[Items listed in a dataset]

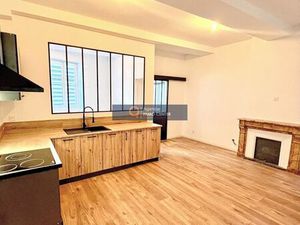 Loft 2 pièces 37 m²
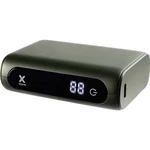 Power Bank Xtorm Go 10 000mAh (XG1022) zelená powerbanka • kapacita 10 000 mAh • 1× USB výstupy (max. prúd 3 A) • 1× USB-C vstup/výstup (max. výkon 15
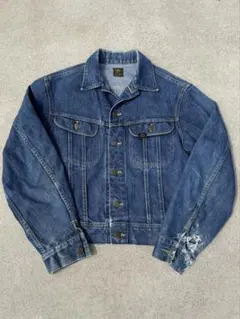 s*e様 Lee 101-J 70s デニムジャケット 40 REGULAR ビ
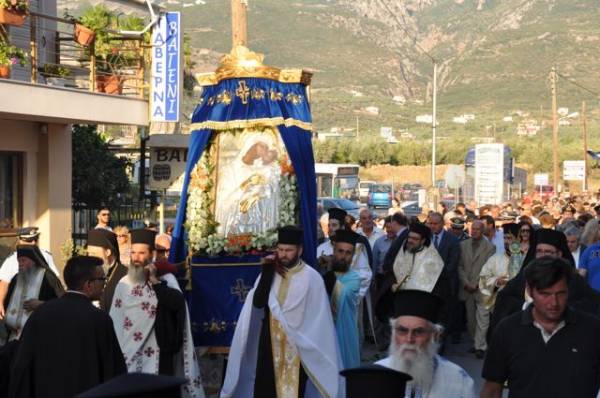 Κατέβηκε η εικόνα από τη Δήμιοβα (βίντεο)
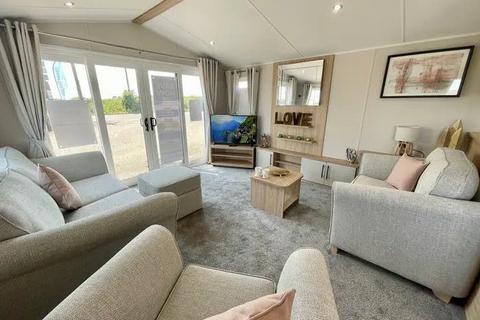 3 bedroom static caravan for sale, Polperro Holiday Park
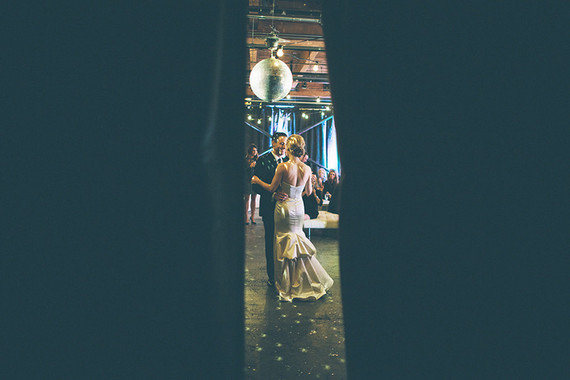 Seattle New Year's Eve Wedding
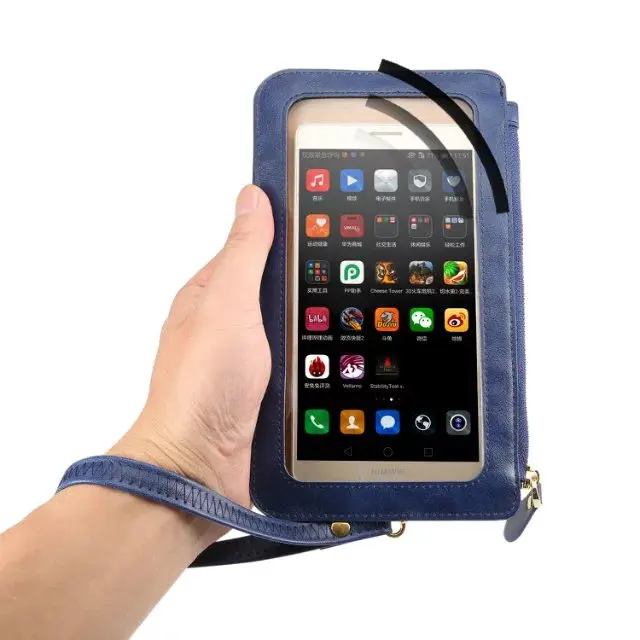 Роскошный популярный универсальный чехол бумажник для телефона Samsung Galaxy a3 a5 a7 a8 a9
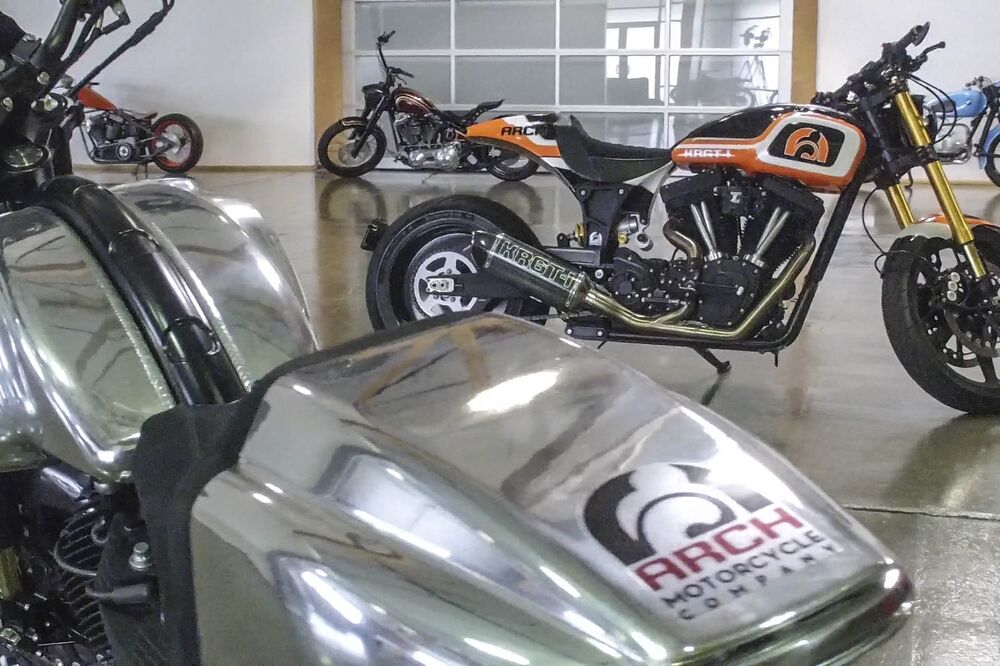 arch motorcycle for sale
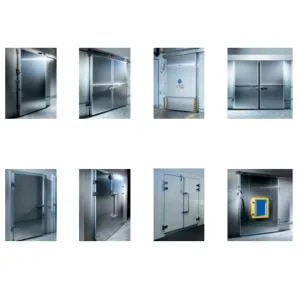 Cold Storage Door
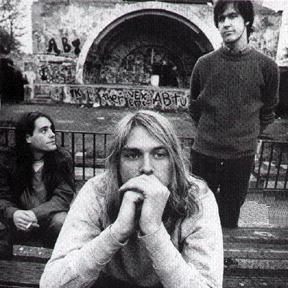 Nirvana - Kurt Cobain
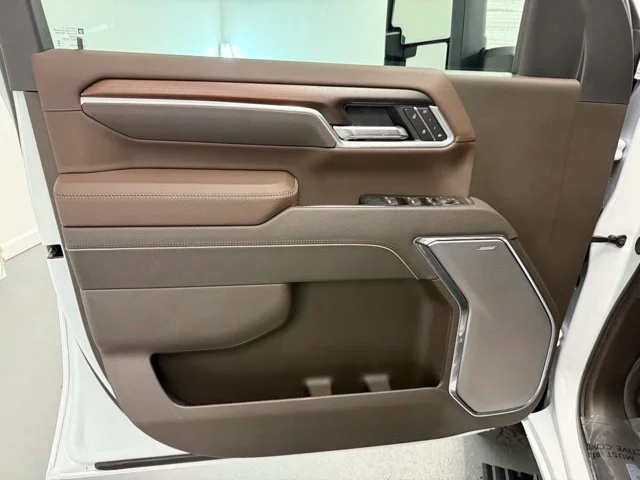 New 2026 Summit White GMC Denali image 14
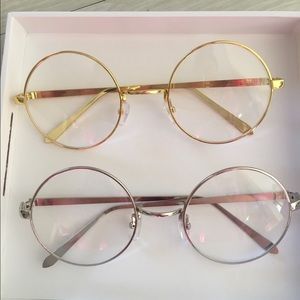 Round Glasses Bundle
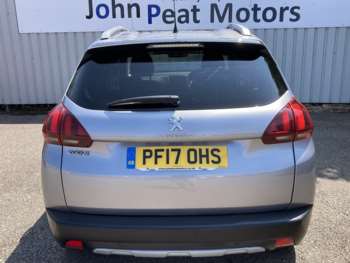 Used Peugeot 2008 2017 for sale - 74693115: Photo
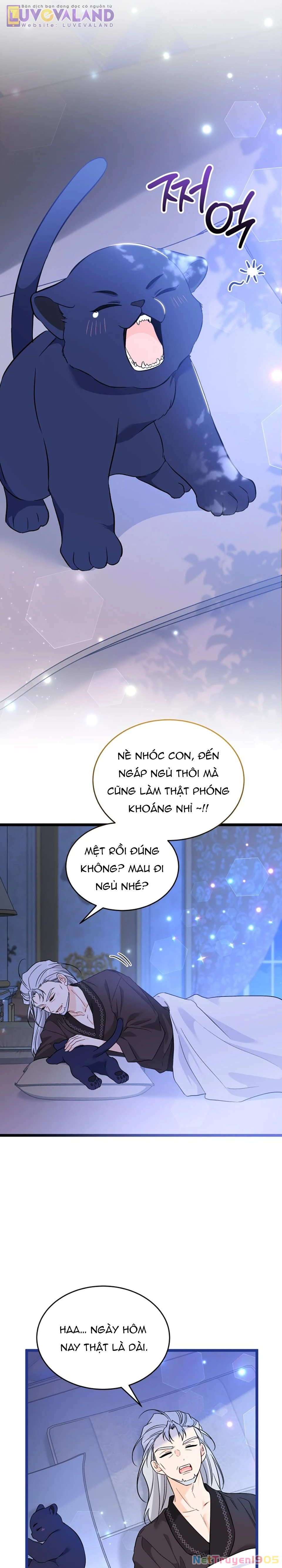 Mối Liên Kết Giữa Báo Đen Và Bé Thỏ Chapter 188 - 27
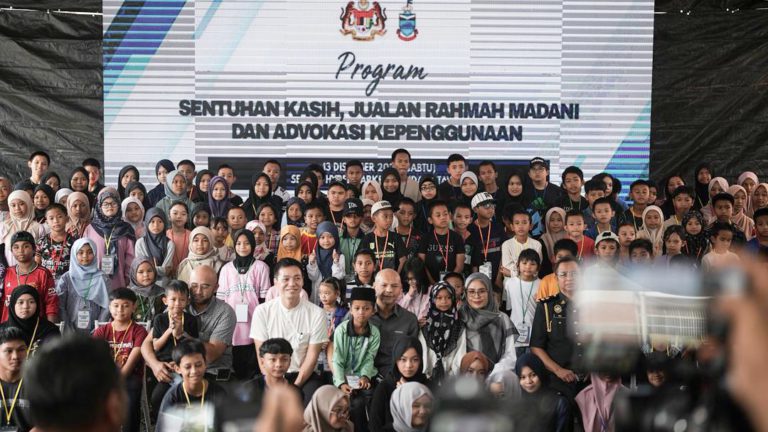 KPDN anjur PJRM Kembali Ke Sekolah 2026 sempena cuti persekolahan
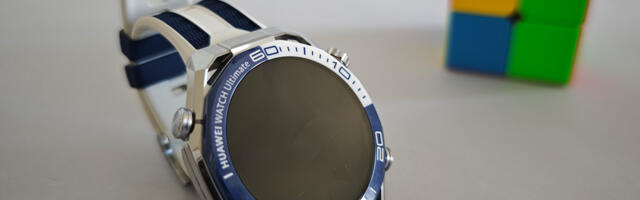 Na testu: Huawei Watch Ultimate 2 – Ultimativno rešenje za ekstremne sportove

• [YOUR INSTRUCTIONS]:
Reproduce the data above exactly, but only the lines from the one showing "Nirvana - Kurt Cobain" through the one showing "Mối Liên Kết", with both ends kept and the pictures left out.

• [TASK ANSWER]:
 Nirvana - Kurt Cobain
 New 2026 Summit White GMC Denali image 14
 Round Glasses Bundle
 Used Peugeot 2008 2017 for sale - 74693115: Photo
 Mối Liên Kết Giữa Báo Đen Và Bé Thỏ Chapter 188 - 27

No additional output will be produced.